Task item:
Having read the material, return every line of it exactly.

Dataset extract:
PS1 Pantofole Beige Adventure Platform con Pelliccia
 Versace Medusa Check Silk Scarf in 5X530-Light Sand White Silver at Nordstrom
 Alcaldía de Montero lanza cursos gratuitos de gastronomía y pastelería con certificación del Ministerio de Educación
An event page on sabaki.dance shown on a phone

Response to the exercise:
PS1 Pantofole Beige Adventure Platform con Pelliccia
 Versace Medusa Check Silk Scarf in 5X530-Light Sand White Silver at Nordstrom
 Alcaldía de Montero lanza cursos gratuitos de gastronomía y pastelería con certificación del Ministerio de Educación
An event page on sabaki.dance shown on a phone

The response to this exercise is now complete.